I have a trainer/mentor, but we will not start training again until spring. Just wondering how other trainers get it done.

Sheryl


----------



## Jax08 (Feb 13, 2009)

No. You do not put it on and just start correcting. That's a good way to ruin the dog on the collar.

I would contact your trainer to learn how to use it. If not, read Lou Castle's site.


----------



## doggiedad (Dec 2, 2007)

does a mature, trained and titled GSD need an e-collar??



t.lesniak said:


> how would you introduce a mature, trained/titled GSD to the electric collar?


----------



## Lucy Dog (Aug 10, 2008)

Lou Castle's website


----------



## Liesje (Mar 4, 2007)

Sheryl, I've never used one myself but the way I was shown (observing a few other people train their dogs) was that they first use it to teach something easy.
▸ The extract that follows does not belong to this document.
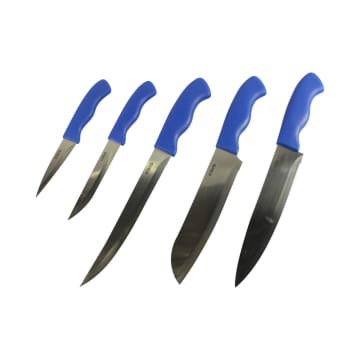set pisau krischef / set pisau dapur 6pcs / pisau santoku / pisau carving / utility / paring knife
The person I observed used a place board with each of the dogs. They trained the dog a "place" command and would apply the pressure until the dog got on the board, and then apply pressure anytime the dog got off the board before it was given a release command. The first few times the dog was helped/led onto the board. The way I understood was that it uses a pretty simple exercise to show the dog how to turn off the pressure, both -R (stimming the dog with the command until he gets on the board) and +P (stimming the dog as a correction for leaving the board). Again, haven't used one myself and don't plan to, but that is what I observed.


----------



## Liesje (Mar 4, 2007)

doggiedad said:


> does a mature, trained and titled GSD need an e-collar??
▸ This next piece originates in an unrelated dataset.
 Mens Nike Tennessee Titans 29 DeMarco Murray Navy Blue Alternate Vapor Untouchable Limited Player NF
I believe I know the dog in question, a very nice dog with very good training and great potential. I don't use an e-collar so I can't say what is appropriate for someone else and their dog. It may be just the tool the dog needs to take the performance to the next level.


----------



## hunterisgreat (Jan 30, 2011)

The same way I'd teach any dog. Lou's method. 
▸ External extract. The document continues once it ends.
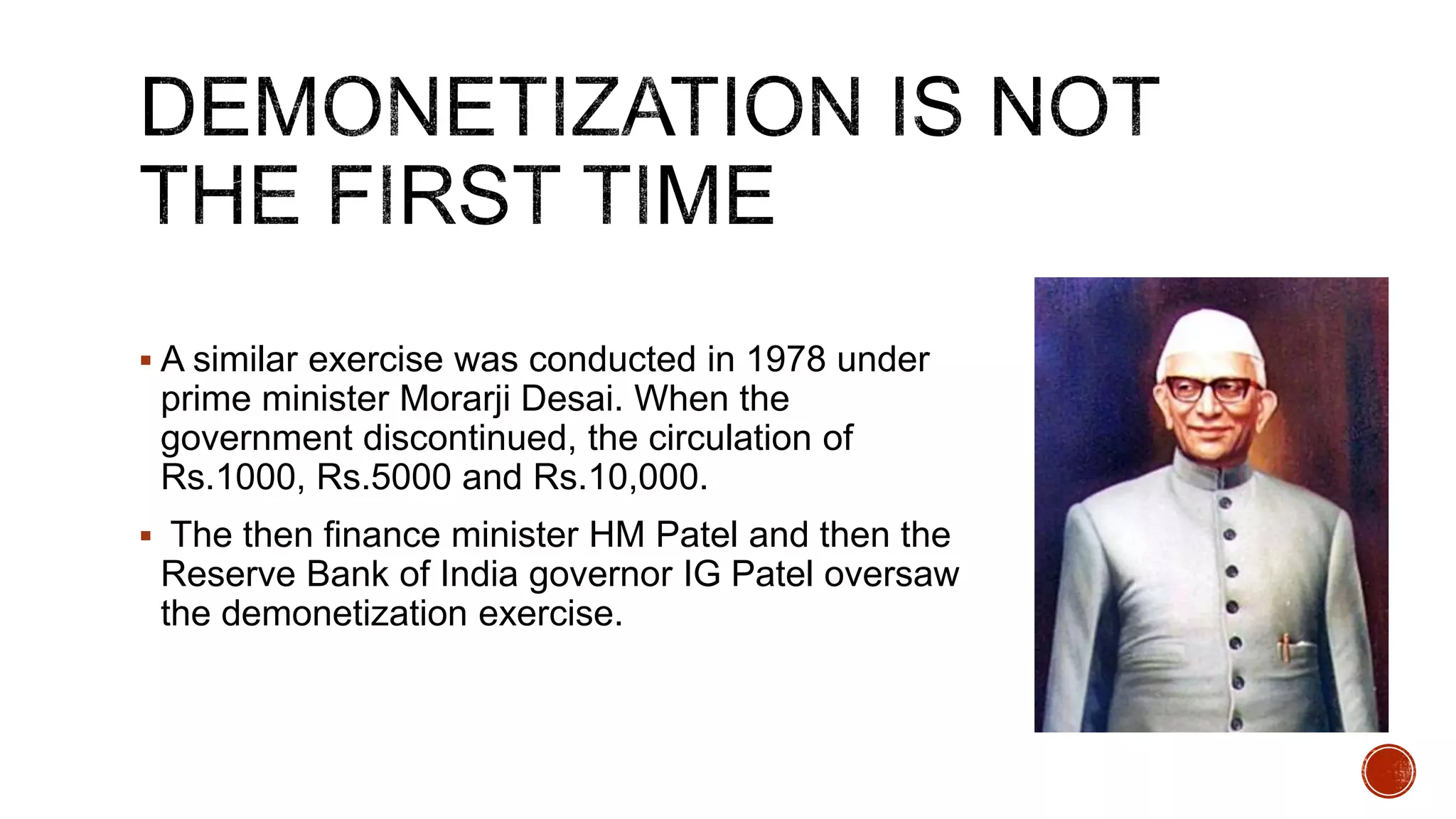 Demonetization in INDIA | PPTX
A mature, titled, obedient dog could still benefit from an ecollar. Building speed for example


----------



## FG167 (Sep 22, 2010)

I agree with Lies - to review a known behavior. I know people that train using "crate" as the tool - very clear and black and white for the dog.


----------



## t.lesniak (Jan 4, 2010)

"Thank you", to those who described specific exercises. I have also seen the place-boards used for this, and holding a wooden dowell.

I like Dobb's site better than lou castle. <http://dobbsdogs.com/library/index.html>
But just skimmed them both so far.


----------



## lhczth (Apr 5, 2000)

I would go with Lou's methods over the Dobb's (I am very familiar with both). I think it is much clearer to the dogs and this is what I use for my own dogs and the dogs I help with the e-collar intro.


----------



## BritneyP (Oct 26, 2006)

I'm not intimately familiar with the other two methods mentioned, but this is how I introduce the collar to my dogs. The whole article is excellent, but the specific portion about pairing corrections is what I'm referring to. Hopefully it's helpful to you. 


http://www.tarheelcanine.com/wp-content/uploads/2011/10/OffLeashECollar.pdf


----------



## t.lesniak (Jan 4, 2010)

Thank you, again. this was the advice and information I was seeking, last night - when I was bored to death. Now this afternoon, I have a bunch of chores to do. But I am going to read over the sites and articles this evening.

Anyone have any video of e-collar introduction to share? Or before and after exercises made better with the e-collar?

Sheryl


----------